Is it the stuff that they apply by dipping your gun into to apply it? They use to put marsh grass camo on duck guns


----------



## kpla51 (Oct 19, 2014)

StretchandEat said:


> Is it the stuff that they apply by dipping your gun into to apply it? They use to put marsh grass camo on duck guns


I believe what you are referring to is called hydrodipping. cerakote is a paint like product that is sprayed on and then baked. A lot of gun shops do it for very reasonable prices depending on how detailed you want to go. Also it works very well on polymers so a slingshot like the scout would be very cool to do.

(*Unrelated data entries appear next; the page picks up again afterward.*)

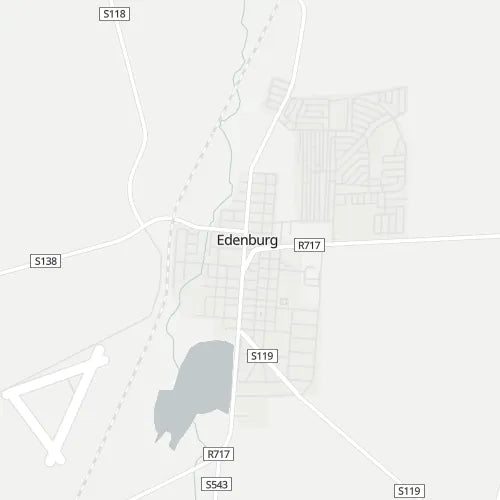 Map of Edenburg (Free State)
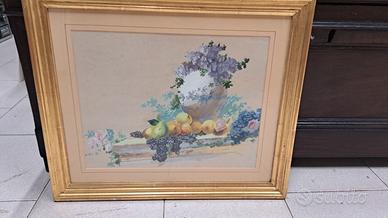 Quadro con cornice dorata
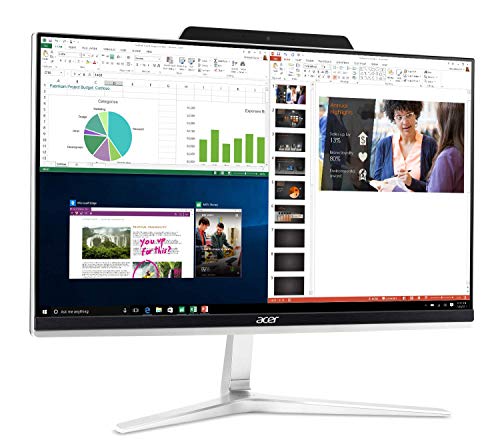 Acer Aspire Z 24 23.8″ All-in-One Intel Core i5-9400T 1.80GHz 12GB Ram 512GB SSD Windows 10 Home (Renewed)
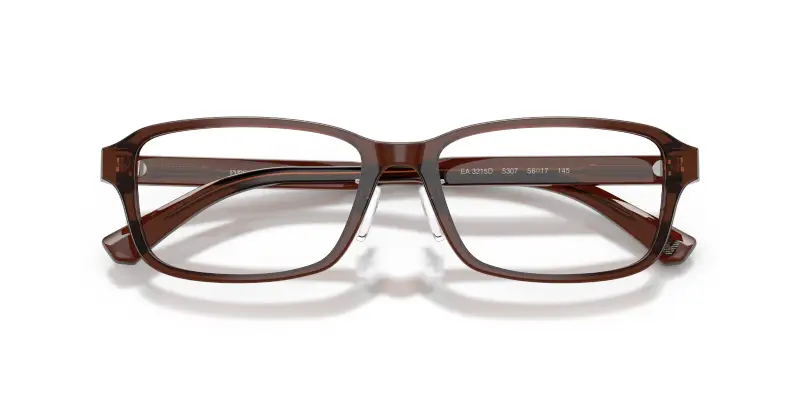 Uomo EA3215D 5307 Montature da vista Acetato Marrone Trasparente Pillow Normale miniatura 2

Speaking of hydro dipping I think they did a limited edition scout in camo


----------



## StretchandEat (Nov 11, 2015)

Simile to powder coating


----------



## JediMike (Jan 1, 2015)

Bro tubes are fine. Lots of game been taken with tubes.
The only thing is most commercial tubes are designed to launch anvils rather than marbles, so may be hard to draw.
If you can draw and hold comfortably, party on.

That said, buy more slingshots! Tubes, bands, coiled antelope entrails , shoot them all


----------



## calinb (Apr 4, 2015)

kpla51 said:


> I placed an order for the scout and two sets of their +p bands for 3/8th steel which I will be mostly shooting. All for under 40 bucks I couldn't pass it up,


You did great to take advantage of the Christmas sale! No matter how your collection fills out or what your favorite SSs turn out to be, I guarantee that you will not regret your purchase. I already have a Scout and I've been thinking about picking up another one during the Christmas sale.

In my experience with hundreds of rounds shot across a chrony (I'm also a gear head with a large collection of latex band material), flatbands can be setup at high elongation factor, tapers, and sometimes doubled or tripled layers to beat tubes for speed, but when you back off the flatband elongation factor to increase their longevity, there's often not a clear winner--at least from what I've measured and experienced. Admittedly I've not collected comprehensive longevity data like I have with my chrony data so some of this generalization is my personal swag at a comparison.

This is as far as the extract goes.